What’s Going on the Greenhouse? (Lesson Learned)

I am over the moon excited about this greenhouse in my backyard.  Unfortunately, when the greenhouse was built, I didn’t become instantly endowed with fantastic “greenhouse gardening” knowledge, and I’m learning my lessons this Spring.

For example, if you put seeds in trays of “seed starting mix” and wait for them to sprout, and then wait for their first true leaves, and then wait for those leaves to get a little bigger (or even unfurl) you will wait a long, long time.

These tomatoes have looked like this for roughly two months.  Guess how much of that time I spent waiting for them before I transplanted what I needed into actual dirt?  Yeah, about a month and a half.

tomato sprouts in the greenhouse

Luckily, LOOK at this tomato start!   Already in it’s second pot, just a few weeks after transplanting the sproutlet.
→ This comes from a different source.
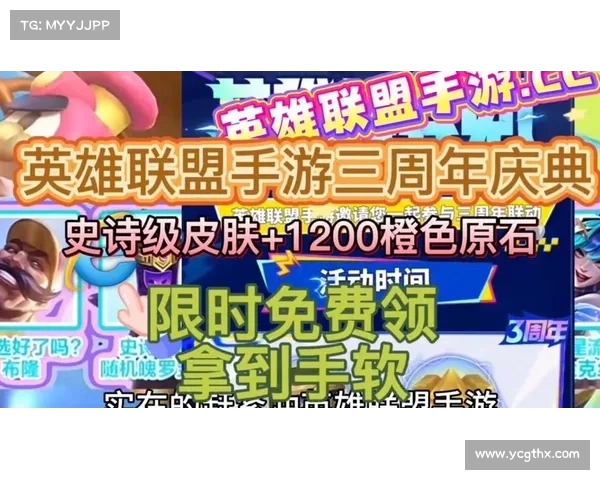 《回顾英雄联盟周年庆典皮肤设计历程与创新突破》 《回顾英雄联盟周年庆典皮肤设计历程与创新突破》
tomato starts in the greenhouse

Let’s get another before and after.

Basil sprouts:

sprouted basil in the green house

Basil transplanted (do you think 43 basil plants is enough?)  You can see which ones got a few weeks head start.  I normally don’t get out for gardening until the baby goes to sleep at night.  If he’s in his crib before the sun goes down, I get to play in the dirt!

basil starts in the greenhouse

The ground cherries are chugging along- I have a twisted history with ground cherries that once found me with 23 tomatillo plants in my yard. A bad case of mistaken identity. This might be the year I find out what they taste like!